## EXERCISE DIRECTIONS
Reproduce the records below exactly; the images should not appear.

## Items from a data source
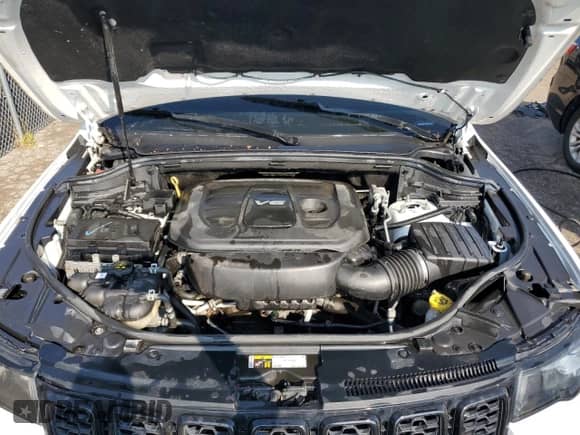 2018 Jeep Grand Cherokee Upland с VIN 1C4RJFAG4JC352663, выставлен на аукционе Copart как лот 71508925 с пробегом 103 974 миль миль и Чистый • Clean title. История ставок и продаж доступна на DreamBid. Изображение 12.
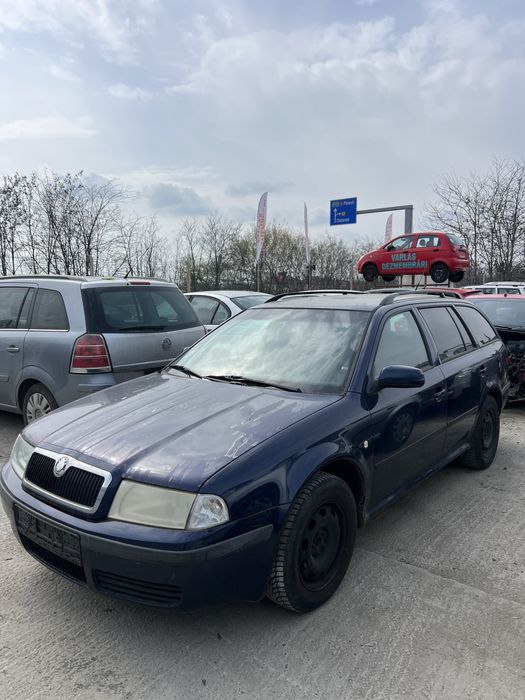 Vand fata completa, motor 1.6 bfq usi hiaon Skoda octavia 1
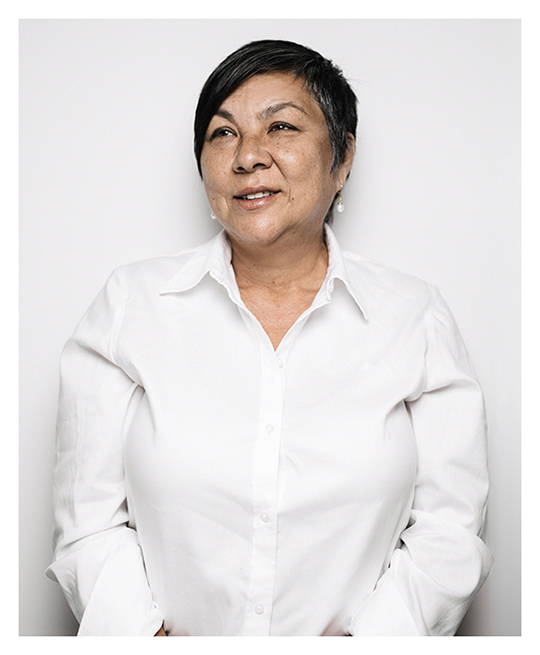 Dania Novack, Business owner, Author, Editor, Food industry, Publishing industry, Magazine industry, Maui, Hawai'i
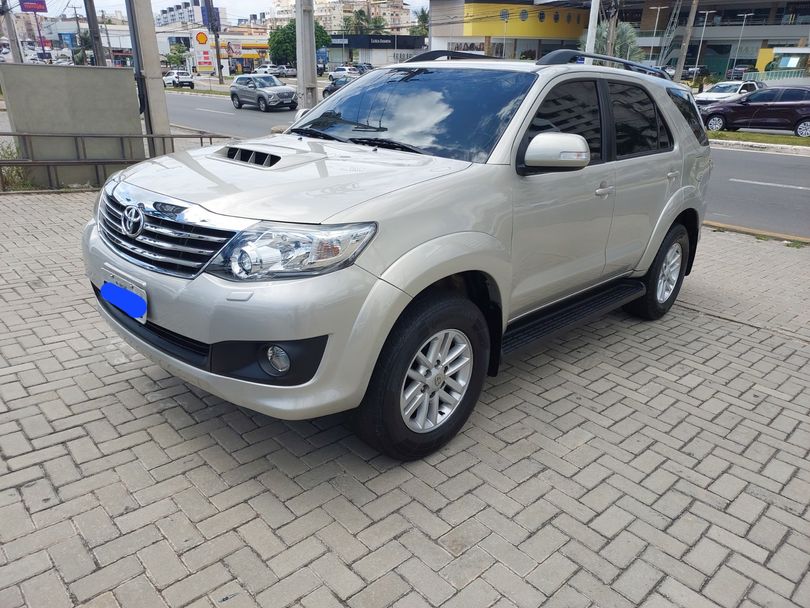 Toyota Hilux SW4 SRV D4-D 4x4 3.0 TDI Dies. Aut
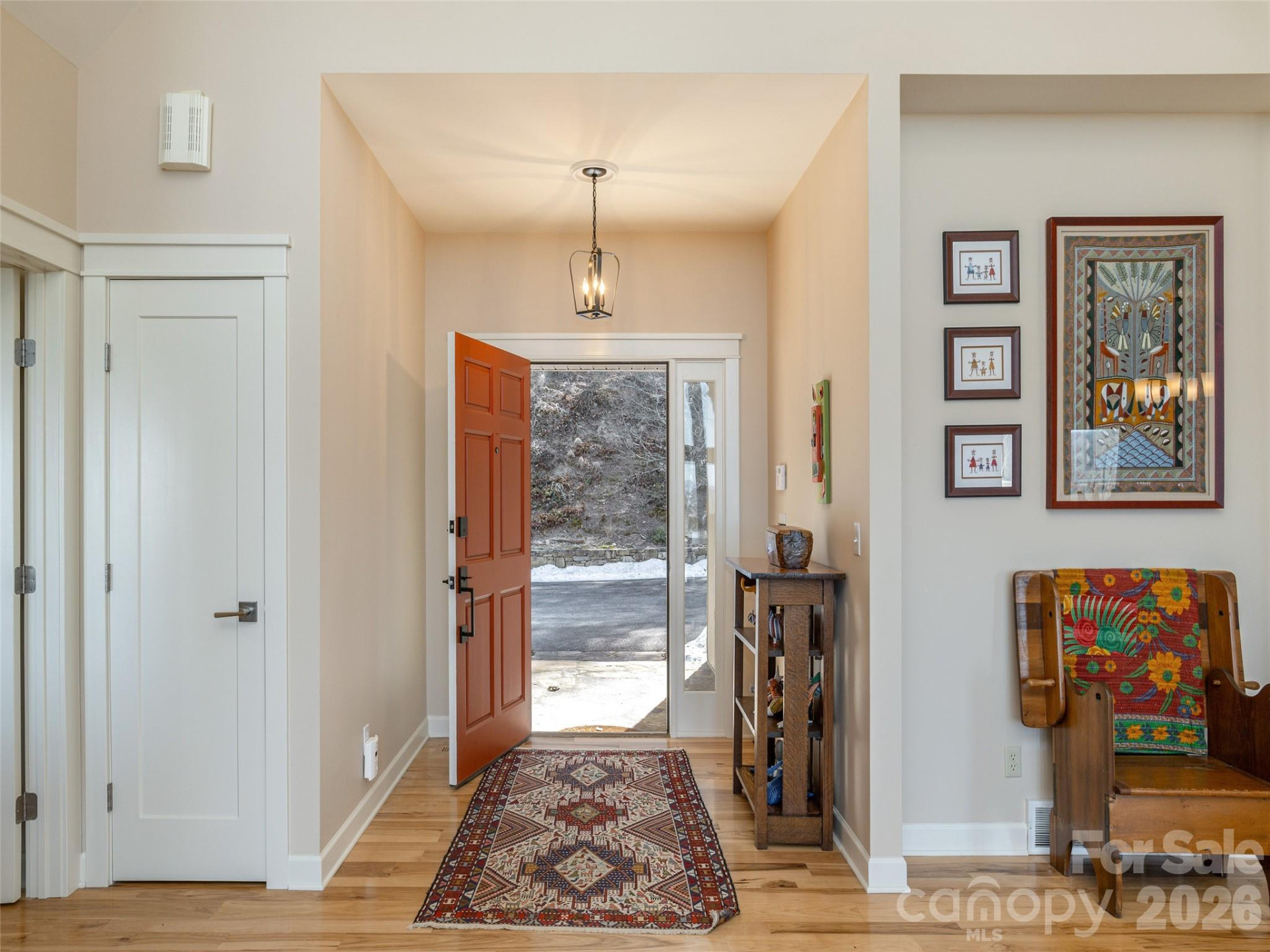 402 Claremont Drive - Photo 3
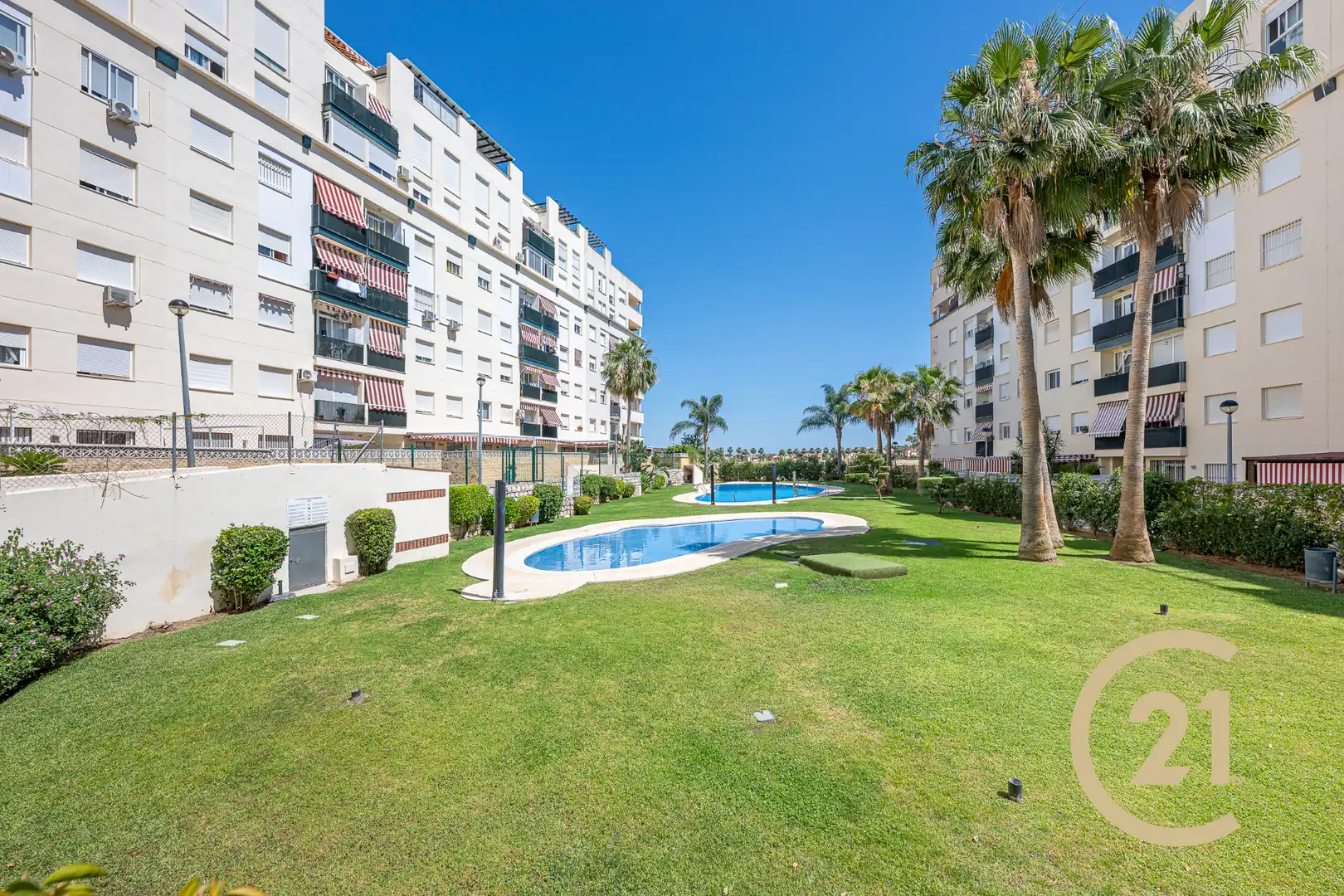 Vista exterior de Pis en venda en Marbella amb Aire condicionat, Forn i Rentadora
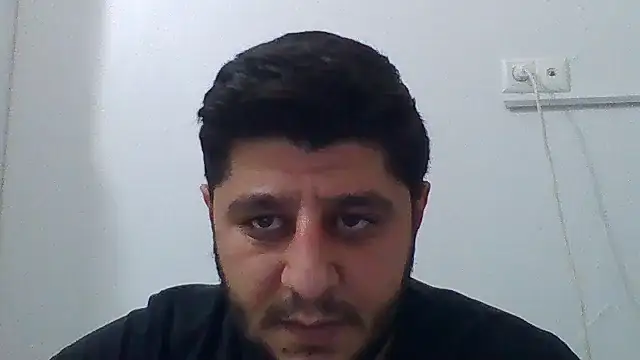 Snapshot of erkekkkadam chatting on 10-28-25, 05:15 erkekkkadam online show from 10-28-25, 05:15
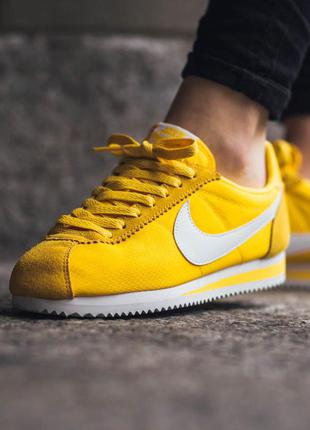 Кроссовки nike wmns classic cortez2 фото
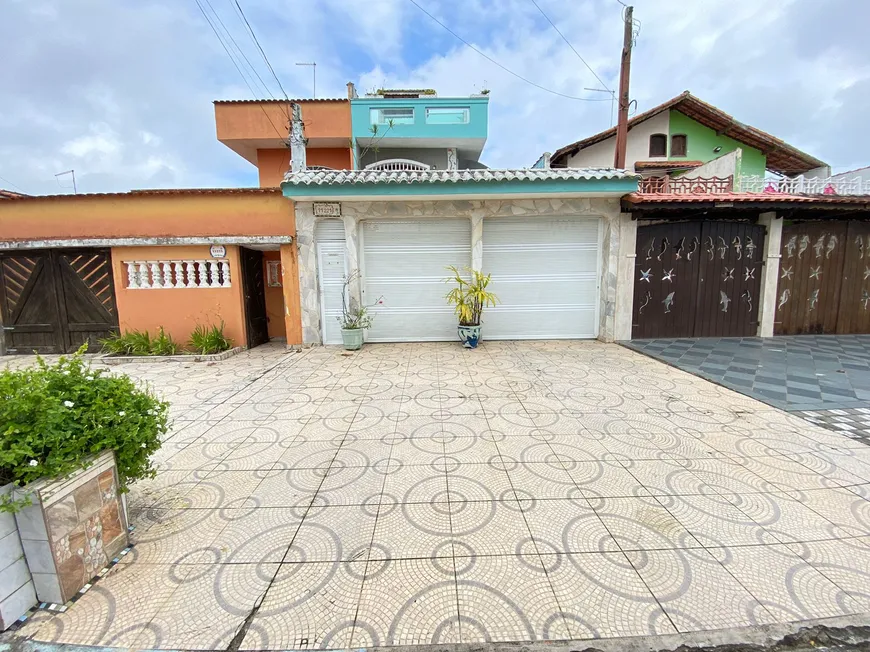 Foto 1 de Sobrado com 2 Quartos à venda, 166m² em Balneario Flórida Mirim, Mongaguá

## YOUR SOLUTION
 2018 Jeep Grand Cherokee Upland с VIN 1C4RJFAG4JC352663, выставлен на аукционе Copart как лот 71508925 с пробегом 103 974 миль миль и Чистый • Clean title. История ставок и продаж доступна на DreamBid. Изображение 12.
 Vand fata completa, motor 1.6 bfq usi hiaon Skoda octavia 1
 Dania Novack, Business owner, Author, Editor, Food industry, Publishing industry, Magazine industry, Maui, Hawai'i
 Toyota Hilux SW4 SRV D4-D 4x4 3.0 TDI Dies. Aut
 402 Claremont Drive - Photo 3
 Vista exterior de Pis en venda en Marbella amb Aire condicionat, Forn i Rentadora
 Snapshot of erkekkkadam chatting on 10-28-25, 05:15 erkekkkadam online show from 10-28-25, 05:15
 Кроссовки nike wmns classic cortez2 фото
 Foto 1 de Sobrado com 2 Quartos à venda, 166m² em Balneario Flórida Mirim, Mongaguá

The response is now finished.